Stadiums across the country are empty, thanks to the ongoing coronavirus pandemic. Still, the temporary emptiness has not stopped stadium owners from investing on behalf of their fans, namely, in equipping their spaces with 5G technology in venues such as SoFi Stadium in Los Angeles and AT&T Stadium in Dallas.
Why invest now? They’re betting on a future that will not only have people back in the stadium, but have them experiencing live sports in a different way.
“Bandwidth usage on 4G within an 80,000-seat stadium creates more latency; 5G will help deal with that,” observes Matthew Quint, director of Columbia University’s Center on Global Brand Leadership.
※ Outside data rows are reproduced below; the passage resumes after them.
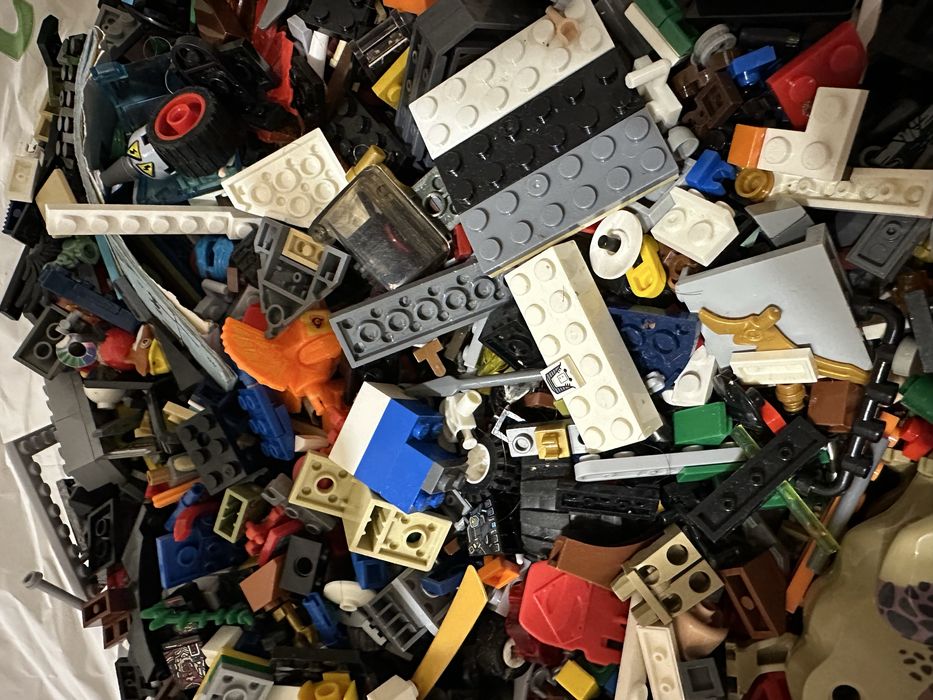 Пакет лего запчастин lego
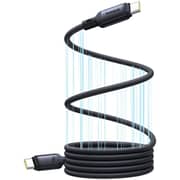 Baseus PicoGo Magnetic Fast Charging Type-C To Type-C Cable 1m Black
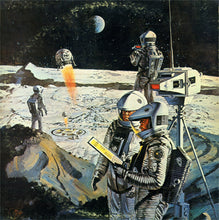 Laden Sie das Bild in den Galerie-Viewer, Various : 2001: A Space Odyssey (Music From The Motion Picture Sound Track) (LP, Album, MGM)
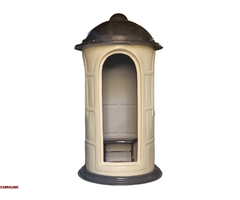 اكشاك امن دائري فيبر جلاس - 2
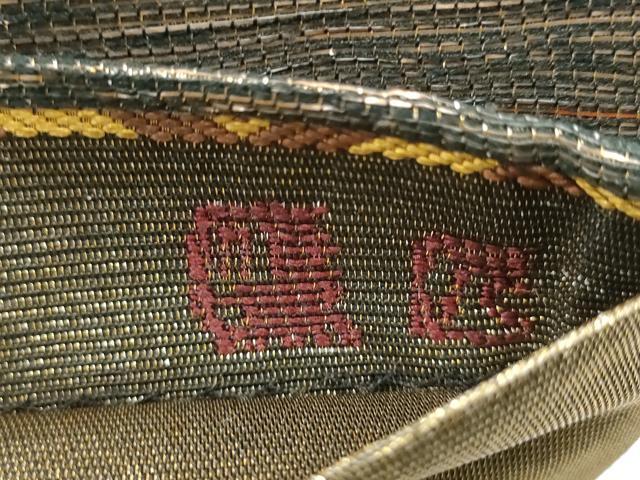 平和屋着物●西陣 鷹匠謹製 両面 全通全景柄袋帯 黄丹 鳥獣戯画 金糸 正絹 逸品 CABC5516hy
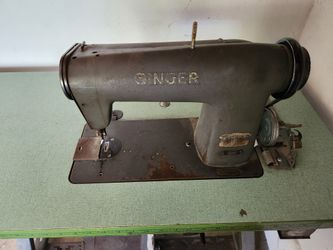 Singer one needle industrial machine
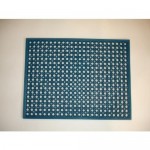 Придверный коврик Lizzi Liz/15-turq, 48х62 см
While older fans may be content to simply watch the action, today’s typical attendee at a sporting event is increasingly a multitasker who is “on social media or on a sports website looking at stats and data, or sharing information about being at the game, or chatting with people on Twitter,” Quint says.
Indeed, despite the many amenities loaded into new stadiums, the amenity that’s likely to please the greatest number of fans is one that none of them will be able to see, writes Robert Klara in Adweek. It’s SoFi’s 5G network, the chief component of a two-stack matrix (the other is wi-fi 6 wireless broadband) that, once fans are finally allowed into the house at some point in the post-COVID future, will tickle them with a 2.5-gigabit-per-second data transmission speed that’s faster than the services in 99 percent of households in the United States.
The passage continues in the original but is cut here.